In fact, “Scorn” might be the most hauntingly beautiful track Robb Flynn has ever penned.

Machine Head is no stranger to monumental album closers, think “The Burning Red,” “Descend the Shades of Night,” “A Farewell to Arms,” “Who We Are,” or “Arrows in Words from the Sky.”

Now, add “Scorn” to that list, lifted from their new record “Unatoned” a fitting name for what feels like both an indictment and a lament.

The opening verse says it all:

“I’m putting you under my spell / ‘Cause I’ve got a Bible to sell
Let go your convictions, restrictions will cost you / Your fiction and all that is well
Distrust all the fable they sell…”

This isn’t subtle. It’s manipulation disguised as salvation. The “Bible to sell” is a loaded metaphor, suggesting the commodification of belief, the weaponization of faith. Convictions and moral boundaries are liabilities here, illusions sold to the weak, while the puppeteers profit.

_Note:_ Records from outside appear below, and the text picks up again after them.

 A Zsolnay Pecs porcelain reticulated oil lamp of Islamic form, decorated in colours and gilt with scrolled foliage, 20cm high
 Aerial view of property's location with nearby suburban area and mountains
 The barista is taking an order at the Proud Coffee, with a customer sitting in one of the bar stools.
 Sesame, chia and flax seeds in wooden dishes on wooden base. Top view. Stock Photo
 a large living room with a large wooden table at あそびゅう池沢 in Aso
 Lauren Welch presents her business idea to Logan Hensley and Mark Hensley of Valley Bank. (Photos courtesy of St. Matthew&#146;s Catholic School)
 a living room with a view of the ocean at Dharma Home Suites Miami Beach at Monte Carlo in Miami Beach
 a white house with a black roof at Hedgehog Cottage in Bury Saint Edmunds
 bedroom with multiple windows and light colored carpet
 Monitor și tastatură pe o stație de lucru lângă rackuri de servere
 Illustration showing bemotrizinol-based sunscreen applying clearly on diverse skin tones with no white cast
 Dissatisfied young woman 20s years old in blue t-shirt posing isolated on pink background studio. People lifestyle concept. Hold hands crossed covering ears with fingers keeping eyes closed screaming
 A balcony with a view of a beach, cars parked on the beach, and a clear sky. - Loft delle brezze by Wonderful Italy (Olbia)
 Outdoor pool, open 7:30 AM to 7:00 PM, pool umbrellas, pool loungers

“I look to the sky / As it won’t be the first / And it won’t be the worst
‘Cause there’s still yet to come / With a nation undone by their Scorn”

Hope?

Maybe.

But not without cynicism. The sky becomes a metaphorical void, once a symbol of transcendence, now indifferent or complicit. The “nation undone” is a clear nod to societal collapse, a warning about the corrosion eating away at public trust, autonomy, and truth.

The chorus drives the point home with venom:

“Scorn / Paranoia seeps through every pore
Scorn / Envenomated eyes emit their scorn”

Yes, “envenomated.”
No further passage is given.